▶ ASSIGNMENT: The listing below holds a line with "Страница 184" and a line with "Seduce the Villain’s". Reproduce those two lines exactly, plus everything between them.

Start of GIVEN DATA

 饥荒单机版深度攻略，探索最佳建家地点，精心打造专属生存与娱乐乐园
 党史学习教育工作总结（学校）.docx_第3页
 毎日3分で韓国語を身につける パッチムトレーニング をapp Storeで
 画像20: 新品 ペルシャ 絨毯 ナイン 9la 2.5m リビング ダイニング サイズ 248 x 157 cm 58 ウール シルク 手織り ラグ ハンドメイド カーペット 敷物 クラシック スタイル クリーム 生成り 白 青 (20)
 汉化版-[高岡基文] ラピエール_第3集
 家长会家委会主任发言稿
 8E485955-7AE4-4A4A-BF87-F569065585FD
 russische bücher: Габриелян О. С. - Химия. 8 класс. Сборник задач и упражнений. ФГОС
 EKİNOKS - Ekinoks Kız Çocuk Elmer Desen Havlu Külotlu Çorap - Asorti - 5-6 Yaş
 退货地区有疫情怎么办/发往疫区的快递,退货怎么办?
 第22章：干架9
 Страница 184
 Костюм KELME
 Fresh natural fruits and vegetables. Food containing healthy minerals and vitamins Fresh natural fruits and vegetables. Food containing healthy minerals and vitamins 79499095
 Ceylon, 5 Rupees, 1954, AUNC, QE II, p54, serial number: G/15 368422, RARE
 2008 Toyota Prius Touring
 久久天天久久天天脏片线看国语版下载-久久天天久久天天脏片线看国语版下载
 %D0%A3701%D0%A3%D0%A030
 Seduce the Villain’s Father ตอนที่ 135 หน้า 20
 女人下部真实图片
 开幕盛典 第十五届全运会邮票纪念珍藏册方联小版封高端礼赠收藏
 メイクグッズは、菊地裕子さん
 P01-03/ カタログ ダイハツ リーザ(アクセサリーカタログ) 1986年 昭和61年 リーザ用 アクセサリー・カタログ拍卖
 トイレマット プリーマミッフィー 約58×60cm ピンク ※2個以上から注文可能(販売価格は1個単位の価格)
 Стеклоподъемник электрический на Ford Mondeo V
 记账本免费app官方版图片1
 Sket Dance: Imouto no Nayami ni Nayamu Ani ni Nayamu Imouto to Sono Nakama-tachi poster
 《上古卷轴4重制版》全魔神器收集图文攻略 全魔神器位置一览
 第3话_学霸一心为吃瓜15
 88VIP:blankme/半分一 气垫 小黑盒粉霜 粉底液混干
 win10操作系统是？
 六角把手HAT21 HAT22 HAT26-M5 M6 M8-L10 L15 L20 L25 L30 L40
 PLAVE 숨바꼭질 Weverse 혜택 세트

End of GIVEN DATA

▶ TASK ANSWER:
 Страница 184
 Костюм KELME
 Fresh natural fruits and vegetables. Food containing healthy minerals and vitamins Fresh natural fruits and vegetables. Food containing healthy minerals and vitamins 79499095
 Ceylon, 5 Rupees, 1954, AUNC, QE II, p54, serial number: G/15 368422, RARE
 2008 Toyota Prius Touring
 久久天天久久天天脏片线看国语版下载-久久天天久久天天脏片线看国语版下载
 %D0%A3701%D0%A3%D0%A030
 Seduce the Villain’s Father ตอนที่ 135 หน้า 20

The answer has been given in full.